Data items
- Opening Delimiter -
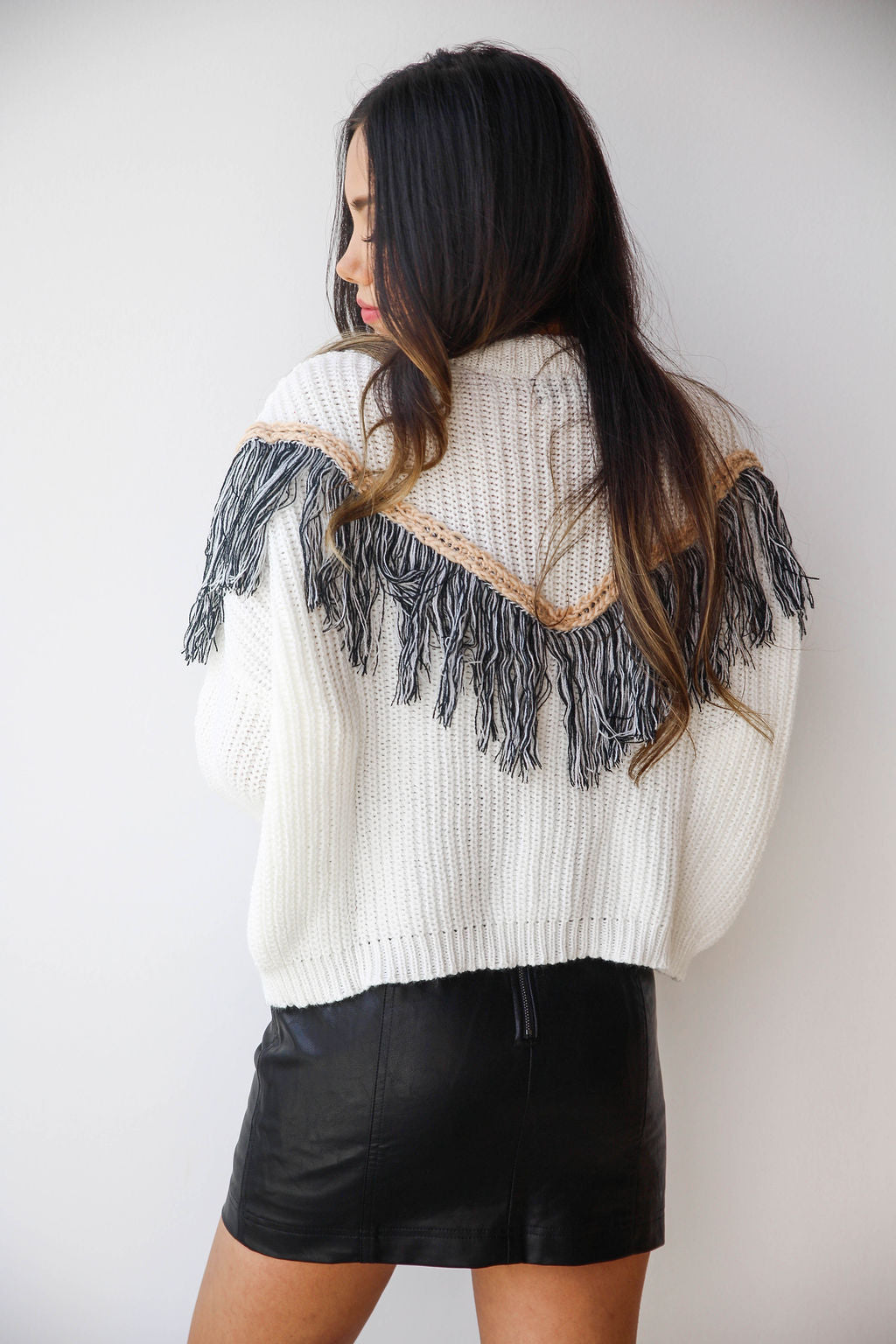 mode, in the fringe sweater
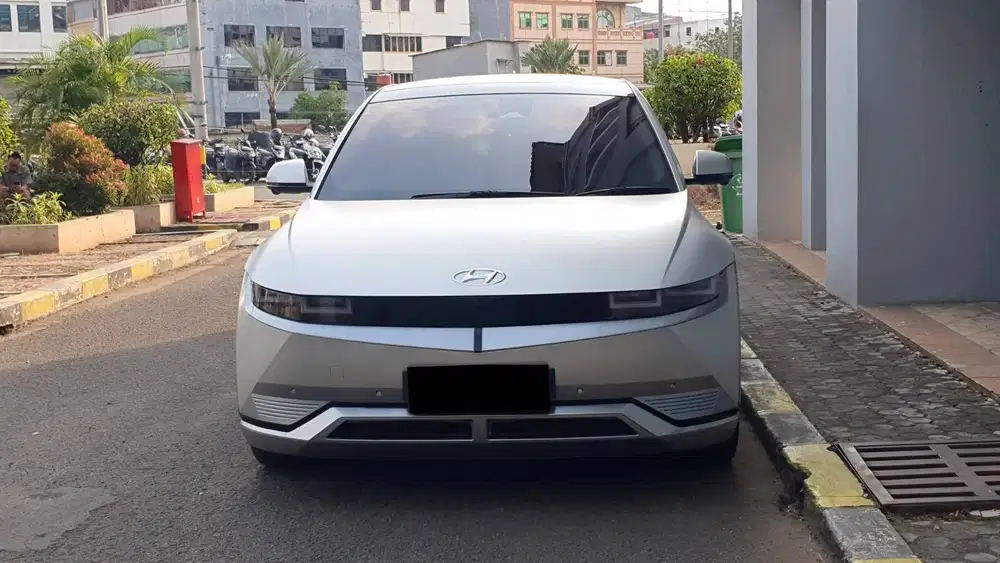 Hyundai Ioniq 5 Long Range Signature EV AT Abu 2022 Like New Low Km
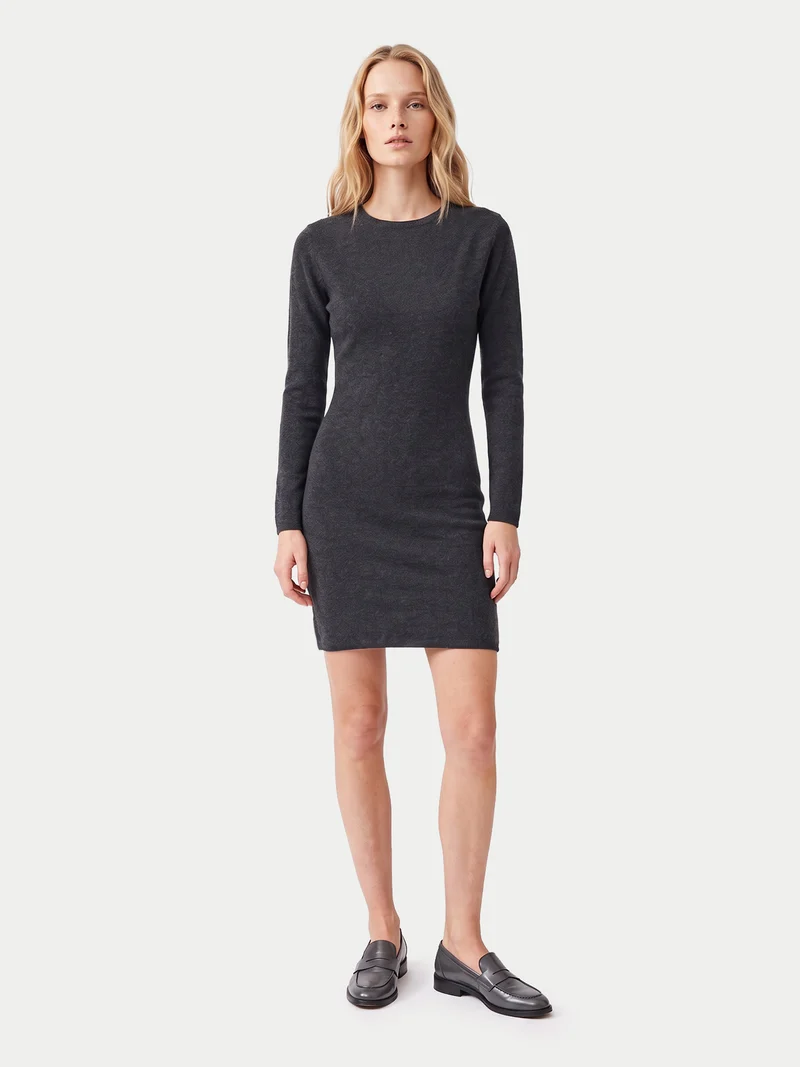 Geripptes Kaschmir-Kleid mit U-Boot-Ausschnitt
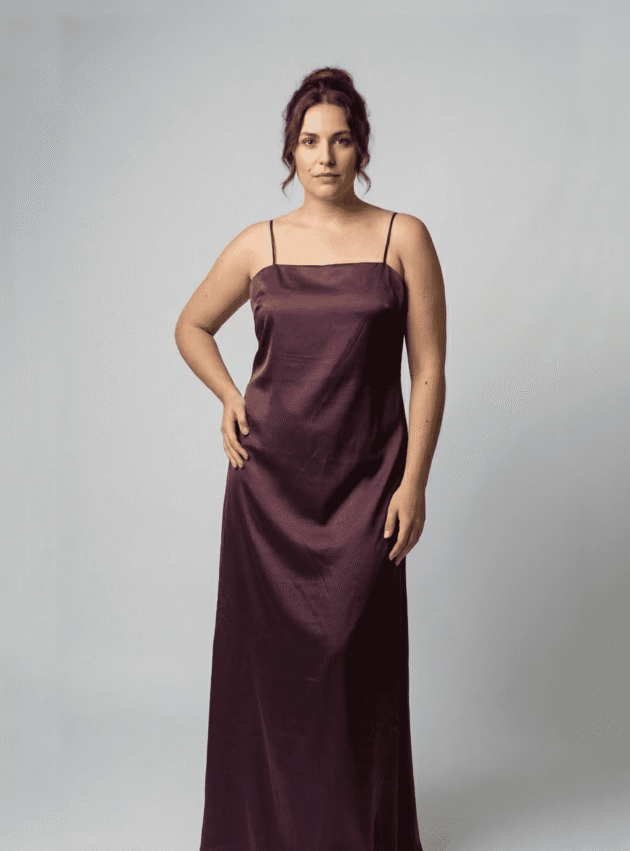 Vestido Tintillo Bordo talle XL - Toia de Kiev - Alquiler de vestidos de fiesta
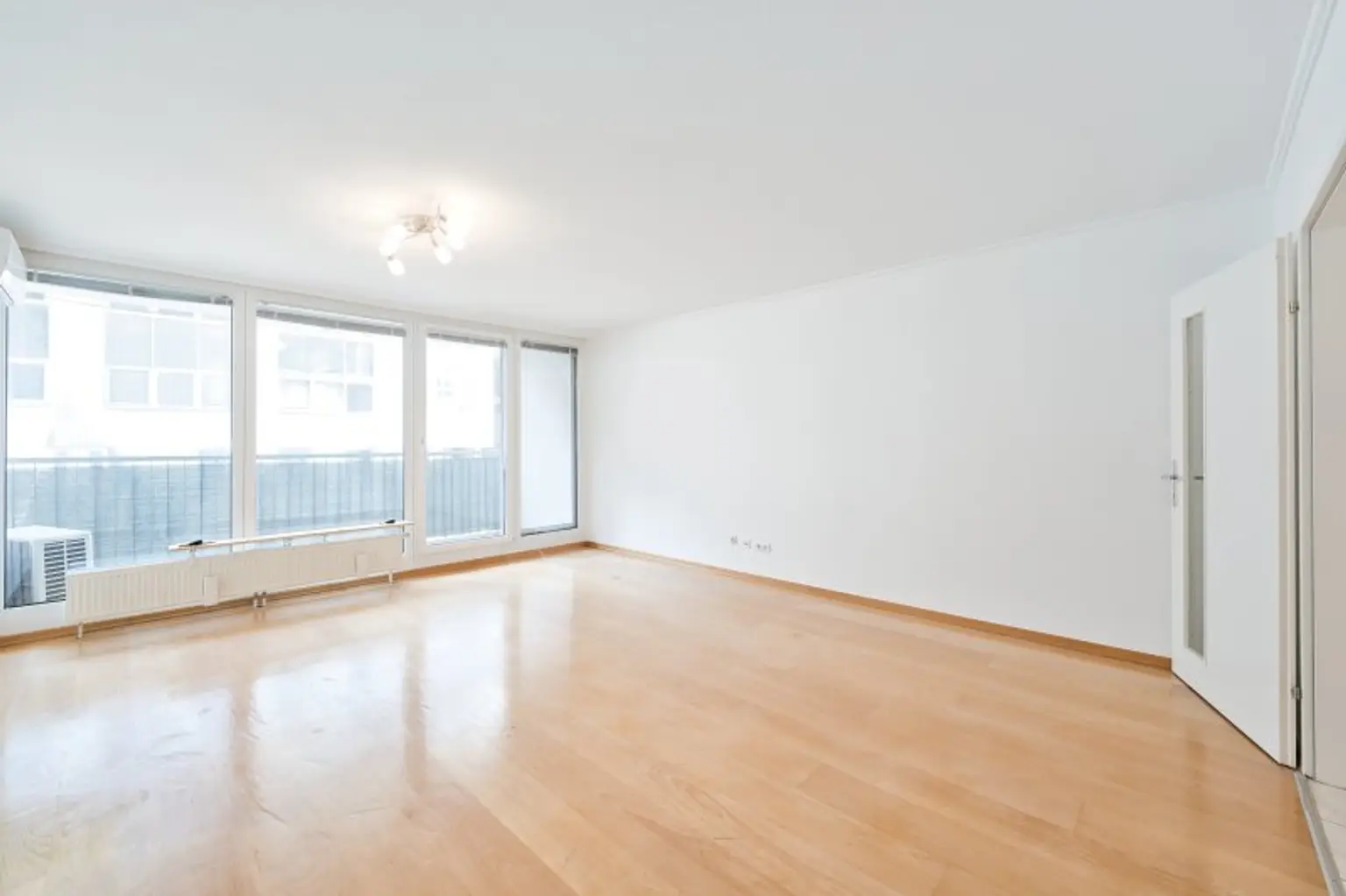 Moderne 2,5-Zimmer-Wohnung mit Balkon, Klimaanlage & hervorragender Anbindung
- Closing Delimiter -
> WHAT IS NEEDED: All lines from the one containing "Geripptes Kaschmir-Kleid mit" through the final line of the entries above are to be copied exactly; the pictures are not.

> ANSWER SECTION:
 Geripptes Kaschmir-Kleid mit U-Boot-Ausschnitt
 Vestido Tintillo Bordo talle XL - Toia de Kiev - Alquiler de vestidos de fiesta
 Moderne 2,5-Zimmer-Wohnung mit Balkon, Klimaanlage & hervorragender Anbindung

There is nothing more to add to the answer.